Elsewhere on the bill, Tommy Maguire makes his long awaited CWFC debut against local favourite Lew Long. Judo stylist Long showed off his striking last time out against Mark Glover, but Maguire, one of the best grinders on the domestic scene, will be an altogether different puzzle.

UK MMA’s elder statesman Deniston Sutherland continues to defy the years, taking on all comers in the middleweight division. It’s tough to decide whether his experience or his heavy mitts are his best weapon; when used in tandem, they’re a dangerous combination. Trying his luck (and considerable skill) against ‘Mad Max’ will be Sweden’s Matts Nilsson. A vastly experienced submission grappler, Nilsson will be looking to tie his opponent in knots, preferably before the big Jamaican can fire off too many of his famed hurting bombs.

Dave Hill returns, reinvigorated after his loss to Conor McGregor last year and ready for another crack at the featherweight division.
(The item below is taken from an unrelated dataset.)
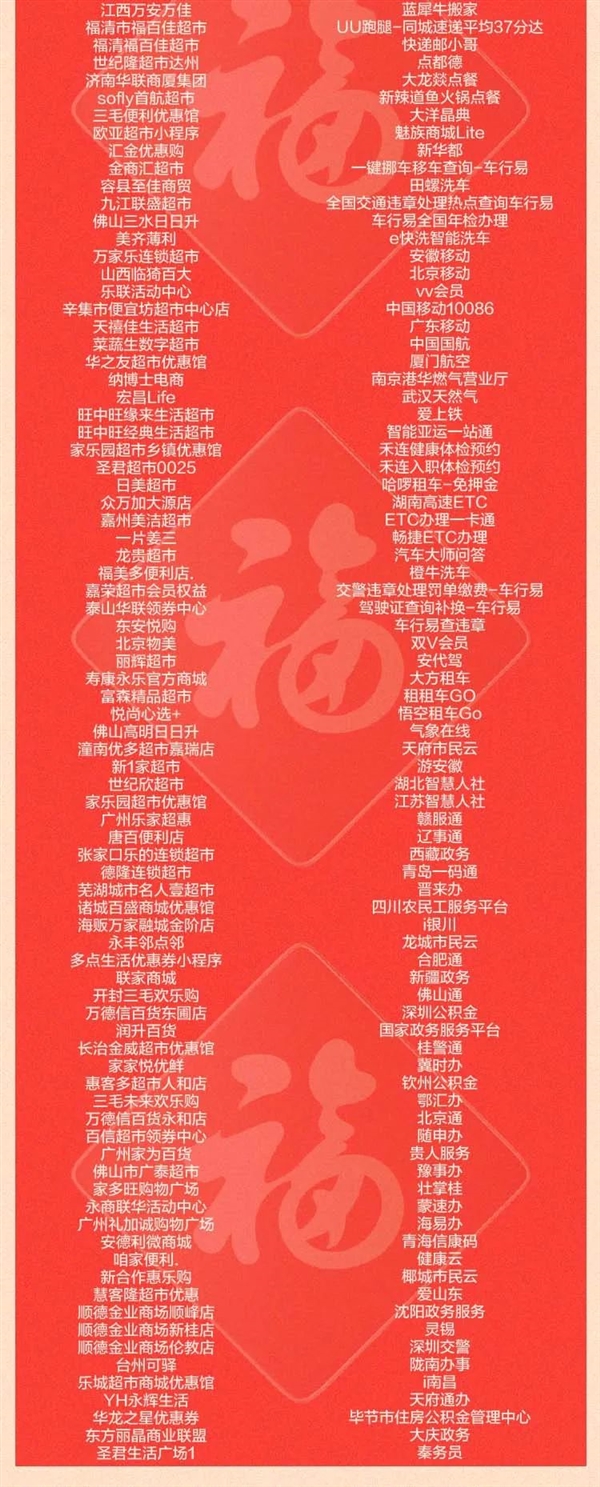 2022 支付寶集五福官方攻略：1000 多商家發福卡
Hoping to continue Hill’s run of bad luck against SBGi fighters is Brian Moore. Rounding out the televised bill is a scrap between local lad Aaron Thomas and England’s Lee Caers. No guesses as to who the Motorpoint Arena crowd will be backing in that one.

So there you have it. A top-notch fight card highlighted by an MMA staple; the one-night tournament. If you’re relatively new to the spot and this is your first live tourney, enjoy the experience. If you’re a grizzled veteran of the scene that remembers the likes of Coleman, Vovchanchyn and Gracie dominating the one-nighters, enjoy the nostalgia.

Whoever you are, enjoy the fights. And may the best man win.